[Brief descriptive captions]
------------------------------------------------

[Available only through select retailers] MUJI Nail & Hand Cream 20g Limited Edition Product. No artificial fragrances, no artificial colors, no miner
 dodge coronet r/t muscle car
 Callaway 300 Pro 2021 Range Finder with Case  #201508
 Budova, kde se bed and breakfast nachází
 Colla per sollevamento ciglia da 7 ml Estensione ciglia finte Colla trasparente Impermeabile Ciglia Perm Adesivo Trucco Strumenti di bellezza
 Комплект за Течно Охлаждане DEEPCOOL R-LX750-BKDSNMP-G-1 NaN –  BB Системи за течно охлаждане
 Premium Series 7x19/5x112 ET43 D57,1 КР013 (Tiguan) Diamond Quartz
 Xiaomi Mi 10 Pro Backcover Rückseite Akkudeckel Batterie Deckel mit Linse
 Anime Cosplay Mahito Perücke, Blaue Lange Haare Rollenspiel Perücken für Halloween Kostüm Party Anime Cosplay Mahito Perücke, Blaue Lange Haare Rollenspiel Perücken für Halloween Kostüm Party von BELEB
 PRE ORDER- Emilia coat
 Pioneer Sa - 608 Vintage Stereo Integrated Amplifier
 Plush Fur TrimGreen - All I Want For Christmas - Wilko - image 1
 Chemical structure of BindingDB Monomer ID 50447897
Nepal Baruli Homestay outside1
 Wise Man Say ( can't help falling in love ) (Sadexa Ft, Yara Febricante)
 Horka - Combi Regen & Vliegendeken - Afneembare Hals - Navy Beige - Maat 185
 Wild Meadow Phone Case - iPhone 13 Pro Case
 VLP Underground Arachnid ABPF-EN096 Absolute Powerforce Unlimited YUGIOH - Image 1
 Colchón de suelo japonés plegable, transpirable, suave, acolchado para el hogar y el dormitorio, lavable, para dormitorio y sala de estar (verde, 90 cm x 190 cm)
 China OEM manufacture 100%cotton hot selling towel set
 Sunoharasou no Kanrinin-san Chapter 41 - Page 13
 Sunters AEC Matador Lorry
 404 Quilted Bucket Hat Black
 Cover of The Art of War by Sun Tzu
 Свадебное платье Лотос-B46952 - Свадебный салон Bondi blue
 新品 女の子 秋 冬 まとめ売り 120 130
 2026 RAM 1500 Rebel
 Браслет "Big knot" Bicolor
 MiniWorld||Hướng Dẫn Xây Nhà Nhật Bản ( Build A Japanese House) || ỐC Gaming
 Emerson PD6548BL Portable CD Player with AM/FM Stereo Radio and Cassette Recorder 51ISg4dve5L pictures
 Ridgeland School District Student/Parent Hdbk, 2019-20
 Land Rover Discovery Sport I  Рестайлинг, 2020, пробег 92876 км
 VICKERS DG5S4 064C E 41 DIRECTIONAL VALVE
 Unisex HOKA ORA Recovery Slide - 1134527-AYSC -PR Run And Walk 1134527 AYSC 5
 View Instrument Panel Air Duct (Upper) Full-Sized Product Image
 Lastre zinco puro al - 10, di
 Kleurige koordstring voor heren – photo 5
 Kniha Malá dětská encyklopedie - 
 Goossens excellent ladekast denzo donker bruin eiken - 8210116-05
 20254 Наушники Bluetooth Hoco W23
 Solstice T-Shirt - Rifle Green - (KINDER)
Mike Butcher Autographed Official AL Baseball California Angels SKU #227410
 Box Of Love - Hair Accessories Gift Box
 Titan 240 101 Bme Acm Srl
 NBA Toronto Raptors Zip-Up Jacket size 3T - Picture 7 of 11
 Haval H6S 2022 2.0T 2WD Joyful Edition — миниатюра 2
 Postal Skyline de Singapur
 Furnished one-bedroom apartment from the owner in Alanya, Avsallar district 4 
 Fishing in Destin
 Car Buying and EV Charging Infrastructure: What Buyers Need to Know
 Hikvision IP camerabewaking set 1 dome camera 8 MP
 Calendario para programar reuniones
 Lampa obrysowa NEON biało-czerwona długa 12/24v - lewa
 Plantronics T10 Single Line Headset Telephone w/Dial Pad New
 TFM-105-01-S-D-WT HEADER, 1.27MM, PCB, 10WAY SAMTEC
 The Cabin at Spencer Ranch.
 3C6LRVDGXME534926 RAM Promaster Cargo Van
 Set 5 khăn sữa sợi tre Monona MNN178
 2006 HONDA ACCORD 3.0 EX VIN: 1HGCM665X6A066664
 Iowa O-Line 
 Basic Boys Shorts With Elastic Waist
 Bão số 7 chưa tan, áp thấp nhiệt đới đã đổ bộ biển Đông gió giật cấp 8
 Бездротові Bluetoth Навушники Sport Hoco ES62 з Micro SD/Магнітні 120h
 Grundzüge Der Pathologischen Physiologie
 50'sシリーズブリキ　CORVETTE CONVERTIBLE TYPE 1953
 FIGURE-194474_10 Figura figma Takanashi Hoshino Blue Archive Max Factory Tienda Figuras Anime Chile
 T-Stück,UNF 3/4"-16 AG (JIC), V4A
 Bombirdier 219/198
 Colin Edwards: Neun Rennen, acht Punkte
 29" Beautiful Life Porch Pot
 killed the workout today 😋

------------------------------------------------

* Assignment: Copy every line of the data above in which the string "Hoco" appears.

* Your response:
 20254 Наушники Bluetooth Hoco W23
 Бездротові Bluetoth Навушники Sport Hoco ES62 з Micro SD/Магнітні 120h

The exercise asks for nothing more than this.